Additionally, the settlement imposes a 6% cap on interest rates for any active duty servicemembers and requires that Wells Fargo repair the credit of all affected servicemembers.
“We all have an obligation to ensure that the women and men who serve our country in the Armed Forces are afforded all of the rights they are due,” said U.S. Attorney Eileen M. Decker of the Central District of California. “Wells Fargo failed in that obligation. The settlement announced today, however, vindicates the rights of our servicemembers and will help ensure better lending practices in the future by one of the nation's largest motor vehicle lenders.”
The SCRA requires a court to review and approve any repossession if the servicemember took out the loan and made a payment before entering military service. According to the Justice Department, the court may delay the repossession or require the lender to refund prior payments before repossessing.
“The court may also appoint an attorney to represent the servicemember, require the lender to post a bond with the court and issue any other orders it deems necessary to protect the servicemember," read a statement from the Justice Department. "By failing to obtain court orders before repossessing motor vehicles owned by protected servicemembers, Wells Fargo prevented servicemembers from obtaining a court’s review of whether their repossessions should be delayed or adjusted to account for their military service."
The justice department began investigating Wells Fargo Dealer Services in March 2015, after it received a complaint from the U.S. Army’s Legal Assistance Program. The complaint alleged that Wells Fargo had repossessed National Guardsman Dennis Singleton’s used car while he was preparing to deploy to Afghanistan to fight in Operation Enduring Freedom.
The Justice Department found that after Wells Fargo Repossessed the car, it sold it at a public auction and then attempted to collect a deficiency balance of more than $10,000 from the national guardsman and his family. After the vehicle was repossessed, Singleton met with a National Guard attorney while he was seeking help with debt consolidation. That's when he was informed of his rights under the SCRA.
That attorney later requested information from Wells Fargo about the original loan and repossession, and asked for copies of correspondence and payment history. According to the Department of Justice, Wells Fargo never provided the requested documents and information. A subsequent investigation by the Justice Department corroborated Singleton’s complaint, as well as a more-than-seven-year history of similar repossessions.

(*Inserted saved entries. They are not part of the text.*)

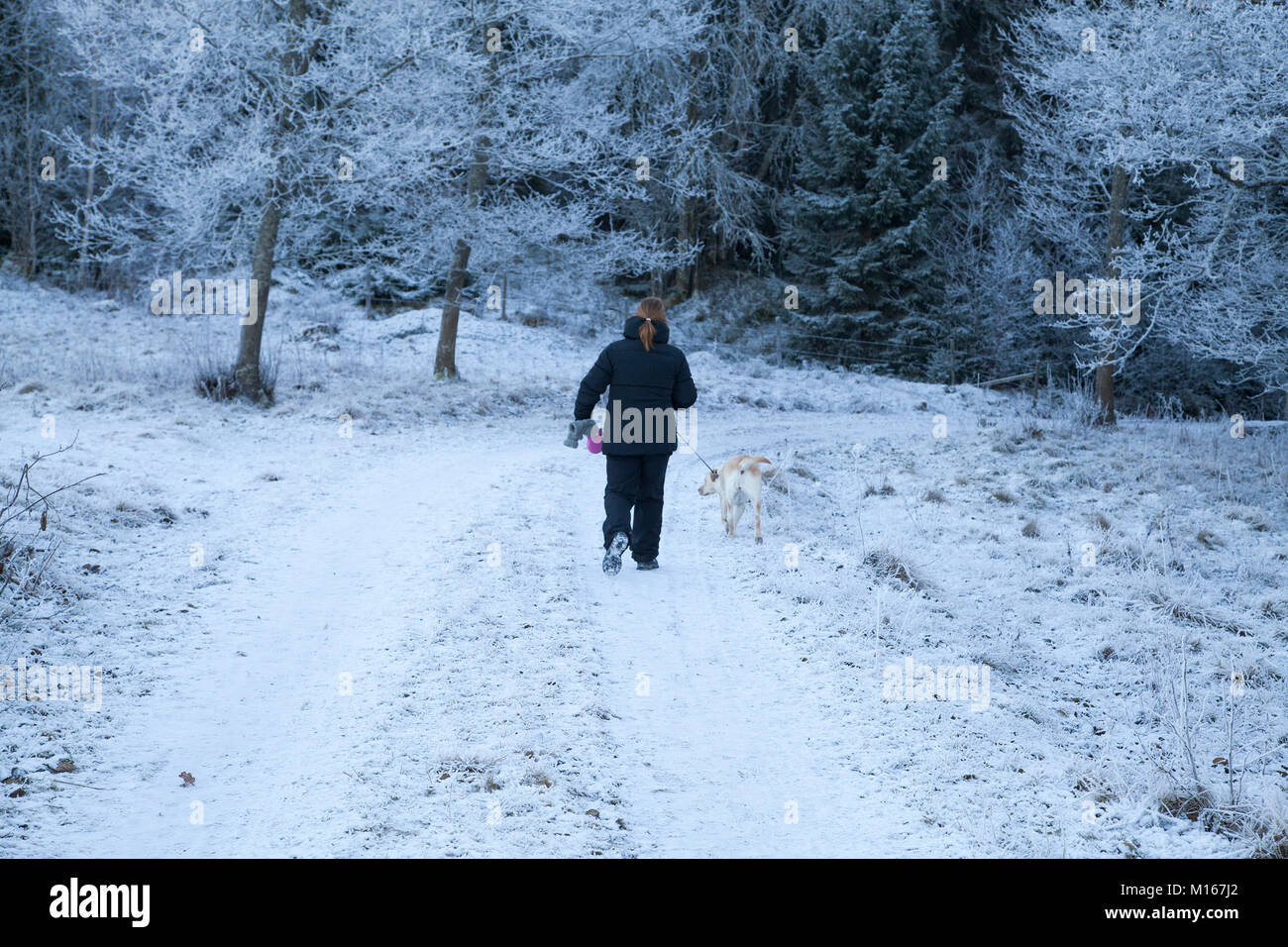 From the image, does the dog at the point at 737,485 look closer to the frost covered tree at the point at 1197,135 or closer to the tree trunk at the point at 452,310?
the frost covered tree at the point at 1197,135

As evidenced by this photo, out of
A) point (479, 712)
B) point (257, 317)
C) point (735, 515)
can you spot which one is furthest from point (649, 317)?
point (257, 317)

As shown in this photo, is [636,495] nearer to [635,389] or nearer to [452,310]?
[635,389]

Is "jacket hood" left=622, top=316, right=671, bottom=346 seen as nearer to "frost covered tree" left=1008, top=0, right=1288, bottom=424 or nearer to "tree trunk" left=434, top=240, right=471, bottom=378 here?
"frost covered tree" left=1008, top=0, right=1288, bottom=424

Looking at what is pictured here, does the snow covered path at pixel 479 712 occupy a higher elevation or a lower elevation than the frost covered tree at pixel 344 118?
lower

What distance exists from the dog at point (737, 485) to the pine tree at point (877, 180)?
17381mm

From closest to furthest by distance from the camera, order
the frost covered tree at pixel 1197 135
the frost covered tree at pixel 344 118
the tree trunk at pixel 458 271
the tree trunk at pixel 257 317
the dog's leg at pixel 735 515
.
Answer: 1. the dog's leg at pixel 735 515
2. the frost covered tree at pixel 1197 135
3. the frost covered tree at pixel 344 118
4. the tree trunk at pixel 257 317
5. the tree trunk at pixel 458 271

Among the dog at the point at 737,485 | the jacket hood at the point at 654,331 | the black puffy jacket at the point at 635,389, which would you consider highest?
the jacket hood at the point at 654,331

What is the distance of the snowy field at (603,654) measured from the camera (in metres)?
3.70

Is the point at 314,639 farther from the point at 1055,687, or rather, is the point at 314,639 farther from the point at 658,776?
the point at 1055,687

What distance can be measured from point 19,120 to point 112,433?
20.0 m

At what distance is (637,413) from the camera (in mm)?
6719

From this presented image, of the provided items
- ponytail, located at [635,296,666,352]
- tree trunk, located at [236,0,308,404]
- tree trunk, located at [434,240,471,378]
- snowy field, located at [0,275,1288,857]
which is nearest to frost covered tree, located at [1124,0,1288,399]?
snowy field, located at [0,275,1288,857]

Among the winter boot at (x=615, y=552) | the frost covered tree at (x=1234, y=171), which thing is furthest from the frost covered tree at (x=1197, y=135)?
the winter boot at (x=615, y=552) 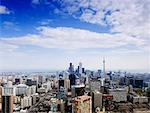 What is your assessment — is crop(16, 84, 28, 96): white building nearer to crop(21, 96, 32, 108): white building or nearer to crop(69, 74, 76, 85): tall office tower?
crop(21, 96, 32, 108): white building

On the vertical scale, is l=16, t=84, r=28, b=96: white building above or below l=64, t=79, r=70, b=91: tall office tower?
below

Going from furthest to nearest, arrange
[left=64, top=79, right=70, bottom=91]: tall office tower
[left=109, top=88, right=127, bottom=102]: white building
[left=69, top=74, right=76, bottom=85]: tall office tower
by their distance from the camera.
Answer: [left=69, top=74, right=76, bottom=85]: tall office tower, [left=64, top=79, right=70, bottom=91]: tall office tower, [left=109, top=88, right=127, bottom=102]: white building

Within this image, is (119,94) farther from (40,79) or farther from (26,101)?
(40,79)

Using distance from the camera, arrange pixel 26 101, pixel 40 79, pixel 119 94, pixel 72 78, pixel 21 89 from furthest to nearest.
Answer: pixel 40 79 < pixel 72 78 < pixel 21 89 < pixel 119 94 < pixel 26 101

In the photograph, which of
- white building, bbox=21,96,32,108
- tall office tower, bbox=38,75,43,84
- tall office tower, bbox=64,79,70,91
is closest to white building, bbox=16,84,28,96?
white building, bbox=21,96,32,108

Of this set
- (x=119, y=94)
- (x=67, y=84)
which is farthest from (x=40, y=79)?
(x=119, y=94)

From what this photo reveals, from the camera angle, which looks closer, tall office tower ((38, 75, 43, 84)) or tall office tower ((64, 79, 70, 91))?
tall office tower ((64, 79, 70, 91))

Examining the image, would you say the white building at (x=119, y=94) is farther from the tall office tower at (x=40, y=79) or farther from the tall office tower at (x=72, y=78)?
the tall office tower at (x=40, y=79)

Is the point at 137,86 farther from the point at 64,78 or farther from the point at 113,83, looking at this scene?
the point at 64,78

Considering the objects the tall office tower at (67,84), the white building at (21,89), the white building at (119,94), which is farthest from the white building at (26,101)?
the white building at (119,94)

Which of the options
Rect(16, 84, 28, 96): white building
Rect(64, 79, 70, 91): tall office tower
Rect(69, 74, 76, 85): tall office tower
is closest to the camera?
Rect(16, 84, 28, 96): white building

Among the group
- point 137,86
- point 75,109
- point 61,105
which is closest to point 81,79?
point 137,86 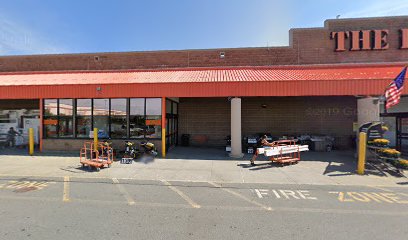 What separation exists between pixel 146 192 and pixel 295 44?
14.2 meters

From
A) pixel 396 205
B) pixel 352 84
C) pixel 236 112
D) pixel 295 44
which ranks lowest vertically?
pixel 396 205

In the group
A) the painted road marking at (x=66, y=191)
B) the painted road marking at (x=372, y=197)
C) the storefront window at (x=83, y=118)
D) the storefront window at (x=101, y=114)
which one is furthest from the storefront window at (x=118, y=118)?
the painted road marking at (x=372, y=197)

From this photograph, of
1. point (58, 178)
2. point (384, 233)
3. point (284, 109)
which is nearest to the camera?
point (384, 233)

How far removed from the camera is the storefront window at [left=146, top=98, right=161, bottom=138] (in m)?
12.3

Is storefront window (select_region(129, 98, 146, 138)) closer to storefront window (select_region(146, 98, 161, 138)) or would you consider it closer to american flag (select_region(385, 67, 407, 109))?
storefront window (select_region(146, 98, 161, 138))

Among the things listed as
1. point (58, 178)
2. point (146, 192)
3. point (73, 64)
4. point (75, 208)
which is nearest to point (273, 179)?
point (146, 192)

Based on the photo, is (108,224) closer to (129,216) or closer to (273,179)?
(129,216)

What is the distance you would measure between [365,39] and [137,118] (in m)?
15.4

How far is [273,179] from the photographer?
24.6 feet

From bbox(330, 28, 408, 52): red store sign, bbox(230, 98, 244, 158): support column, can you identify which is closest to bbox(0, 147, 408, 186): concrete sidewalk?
bbox(230, 98, 244, 158): support column

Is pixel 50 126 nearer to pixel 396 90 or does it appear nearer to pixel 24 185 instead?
pixel 24 185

This is the second settlement this year the Justice Department has reached with a finance source to resolve similar charges. Just last month, the department reached settlement with HSBC Finance Corp., which agreed to $434,500 to resolve the Justice Department's charges that it violated the SCRA when it repossessed 75 cars owned by protected servicemembers without obtaining necessary court orders.

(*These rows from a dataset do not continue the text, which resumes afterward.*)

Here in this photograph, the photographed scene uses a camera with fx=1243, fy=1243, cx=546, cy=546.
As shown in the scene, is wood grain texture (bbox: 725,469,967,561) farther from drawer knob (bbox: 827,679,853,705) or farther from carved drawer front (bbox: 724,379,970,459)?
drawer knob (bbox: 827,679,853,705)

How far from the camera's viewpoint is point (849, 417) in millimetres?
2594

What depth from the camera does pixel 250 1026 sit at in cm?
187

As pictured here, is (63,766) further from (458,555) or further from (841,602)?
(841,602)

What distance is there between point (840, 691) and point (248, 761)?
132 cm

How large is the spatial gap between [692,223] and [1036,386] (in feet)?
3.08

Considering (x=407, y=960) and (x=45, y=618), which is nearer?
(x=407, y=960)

This Justice Department's announcement comes a few weeks after the Consumer Financial Protection Bureau (CFPB) ordered Wells Fargo to pay $100 million for secretly opening two million unauthorized, fee-generating deposit and credit accounts. Additionally, Wells Fargo was required to pay an additional $35 million to the Office of the Comptroller of the Currency and $50 million to the city and county of Los Angeles, and $5 million to customers for a total payout of $190 million.

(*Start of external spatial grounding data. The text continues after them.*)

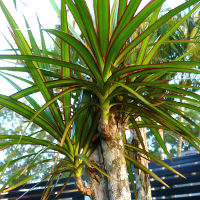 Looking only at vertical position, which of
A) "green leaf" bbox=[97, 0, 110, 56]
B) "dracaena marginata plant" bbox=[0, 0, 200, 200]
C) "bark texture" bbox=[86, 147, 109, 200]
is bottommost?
"bark texture" bbox=[86, 147, 109, 200]

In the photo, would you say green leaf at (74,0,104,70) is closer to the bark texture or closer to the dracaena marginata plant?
the dracaena marginata plant

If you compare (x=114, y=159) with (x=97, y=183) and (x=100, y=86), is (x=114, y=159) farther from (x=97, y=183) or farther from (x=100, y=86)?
(x=100, y=86)

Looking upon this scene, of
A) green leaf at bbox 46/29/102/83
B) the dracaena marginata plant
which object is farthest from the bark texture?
green leaf at bbox 46/29/102/83

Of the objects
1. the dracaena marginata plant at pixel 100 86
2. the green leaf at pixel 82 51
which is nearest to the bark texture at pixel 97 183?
the dracaena marginata plant at pixel 100 86

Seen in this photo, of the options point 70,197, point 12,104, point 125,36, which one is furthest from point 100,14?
point 70,197

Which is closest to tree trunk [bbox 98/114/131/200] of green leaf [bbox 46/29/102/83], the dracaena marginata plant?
the dracaena marginata plant

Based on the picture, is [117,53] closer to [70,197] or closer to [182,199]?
[182,199]

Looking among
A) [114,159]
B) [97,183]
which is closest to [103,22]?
[114,159]

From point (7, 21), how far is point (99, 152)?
0.52 meters

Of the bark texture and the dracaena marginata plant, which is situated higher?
the dracaena marginata plant

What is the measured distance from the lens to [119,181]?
2.41ft

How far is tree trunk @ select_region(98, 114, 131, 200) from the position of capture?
28.8 inches

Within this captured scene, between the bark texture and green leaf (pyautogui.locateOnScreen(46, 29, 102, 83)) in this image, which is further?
the bark texture

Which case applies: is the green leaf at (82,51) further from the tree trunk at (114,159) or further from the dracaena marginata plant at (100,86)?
the tree trunk at (114,159) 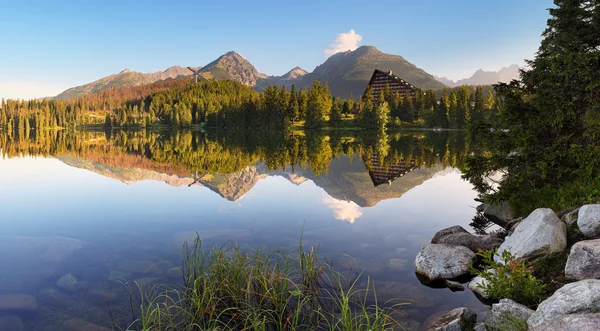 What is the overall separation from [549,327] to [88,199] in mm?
23593

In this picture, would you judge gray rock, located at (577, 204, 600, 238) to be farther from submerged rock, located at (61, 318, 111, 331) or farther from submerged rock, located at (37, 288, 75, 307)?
submerged rock, located at (37, 288, 75, 307)

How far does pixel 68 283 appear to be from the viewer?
10.5m

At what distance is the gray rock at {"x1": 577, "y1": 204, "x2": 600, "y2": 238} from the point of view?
10.1m

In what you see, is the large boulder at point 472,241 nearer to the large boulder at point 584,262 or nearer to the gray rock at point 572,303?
the large boulder at point 584,262

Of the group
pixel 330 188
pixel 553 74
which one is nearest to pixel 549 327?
pixel 553 74

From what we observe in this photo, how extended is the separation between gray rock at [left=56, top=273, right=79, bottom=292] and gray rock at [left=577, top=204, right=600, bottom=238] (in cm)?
1341

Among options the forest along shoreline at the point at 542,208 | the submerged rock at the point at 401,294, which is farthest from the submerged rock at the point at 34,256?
the forest along shoreline at the point at 542,208

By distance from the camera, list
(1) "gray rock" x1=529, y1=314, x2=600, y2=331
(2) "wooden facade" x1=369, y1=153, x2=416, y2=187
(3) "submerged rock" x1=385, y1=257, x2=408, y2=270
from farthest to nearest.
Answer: (2) "wooden facade" x1=369, y1=153, x2=416, y2=187, (3) "submerged rock" x1=385, y1=257, x2=408, y2=270, (1) "gray rock" x1=529, y1=314, x2=600, y2=331

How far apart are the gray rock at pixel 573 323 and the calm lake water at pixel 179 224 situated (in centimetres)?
304

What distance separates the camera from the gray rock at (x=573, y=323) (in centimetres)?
546

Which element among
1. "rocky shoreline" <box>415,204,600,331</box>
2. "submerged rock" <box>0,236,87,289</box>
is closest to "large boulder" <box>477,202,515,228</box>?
"rocky shoreline" <box>415,204,600,331</box>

“Wells Fargo employees secretly opened unauthorized accounts to hit sales targets and receive bonuses,” CFPB Director Richard Cordray said in a statement following the announced fine. “Because of the severity of these violations, Wells Fargo is paying the largest penalty the CFPB has ever imposed. Today’s action should serve notice to the entire industry that financial incentive programs, if not monitored carefully, carry serious risks that can have serious legal consequences.”
According to the Justice Department, Wells Fargo began sending payments to many of the affected servicemembers last month. In the upcoming months, Wells Fargo will locate additional servicemembers whose vehicles were repossessed and distribute payments through this settlement.
The settlement is still subject to court approval.